Don’t Argue With Your Angry Teen
It’s pretty easy to find yourself in a loud argument with your angry teen but this almost always yields no positive results. Continue to keep your cool when they’re angry and repeat the rules calmly. Angry teens are usually known to act out when they can’t have their way so don’t let their words or actions shock you into doing things you shouldn’t do. Allow them to vent if they need to, and then calmly reprimand them when they’re done. Remember never to overreact when dealing with adolescents. No matter how much they provoke you, the aim is always to teach and not just to punish. So if they’re not learning any lessons from your reprimands, consider that you might be doing it wrong.

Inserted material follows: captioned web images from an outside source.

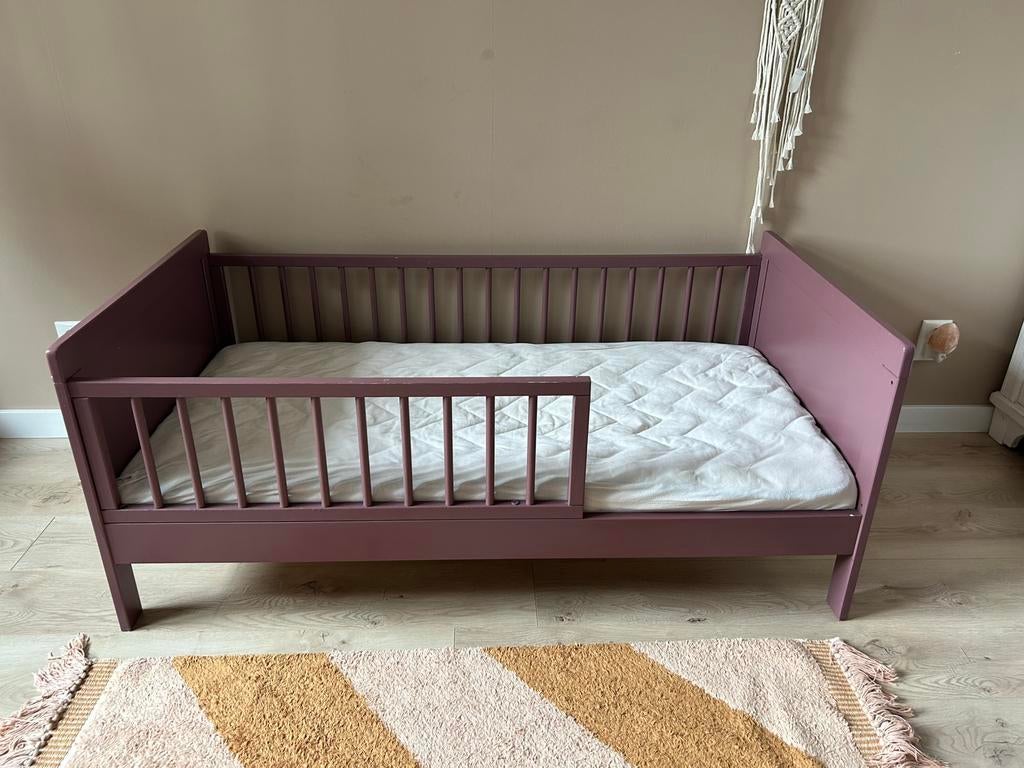 Peuterbed 140x70 Petit Amelie (incl. matras etc.), Kinderen en Baby's, Kinderkamer | Bedden, Gebruikt, 70 tot 85 cm, 140 tot 160 cm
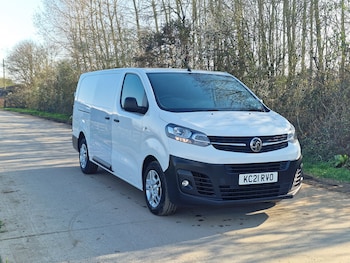 Vauxhall Vivaro feature image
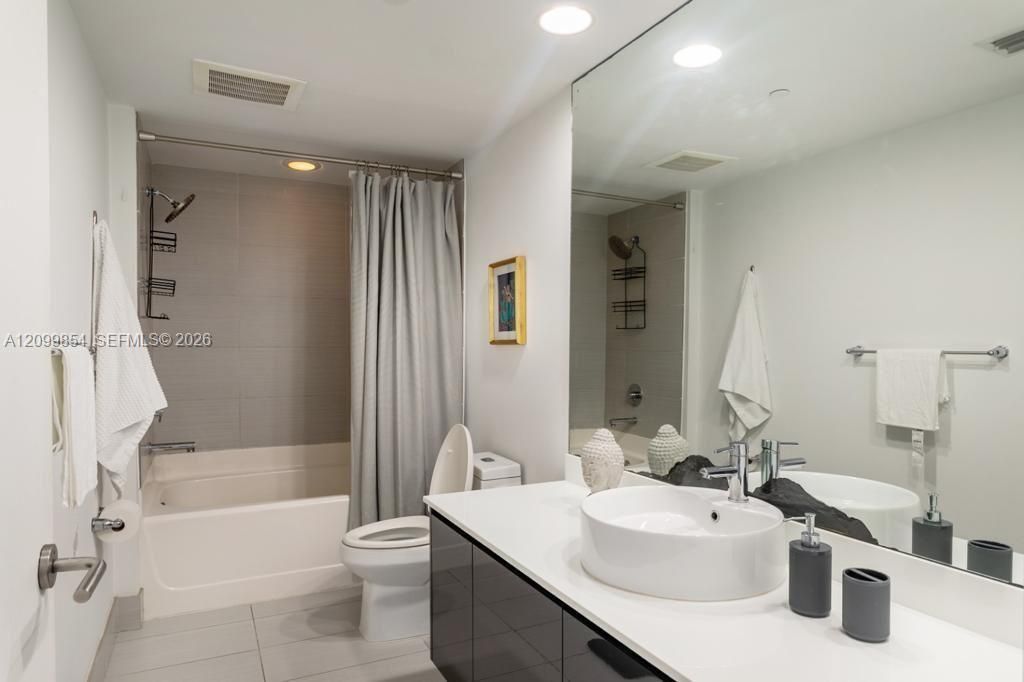 31 SE 6th St, Unit 1601, Miami, FL 33131 Photo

Don’t Let them Get you Upset
There are angry teens all over the world so do not personalize your child’s behavior. Sometimes they try to get you to feel just as angry as they feel and if you fall for it, that means you’re giving them power over you. Their behaviors are hardly ever a personal attack on your parenting; rather it might be a product of their developmental cycle or something else they’re going through.
Be a Role Model
This is a rather obvious tip but many parents still fall short in this area. If you have problems with alcohol consumption, for instance, it will be really difficult to stop your teen from experimenting with alcohol. The same goes for if you’re constantly telling lies and trying to teach your kids the importance of speaking the truth or trying to curtail your child’s smartphone addiction when you’re struggling with one yourself. Teens learn more from what you do than what you say, so try to be a good role model for your troubled teen by acting the way you’ll expect them to act.
Draw a Line at Physical Abuse and Other Illegal Behaviors
Sometimes teens will push your buttons, gradually measuring how much disrespect you’re willing to allow. If you let misdemeanors such as shoplifting, public intoxication, or possession of cannabis slide, soon you may find yourself dealing with much bigger charges. Let him be aware that the consequences for some behaviors are simply out of your hands and he has to face a higher authority when caught indulging in such acts.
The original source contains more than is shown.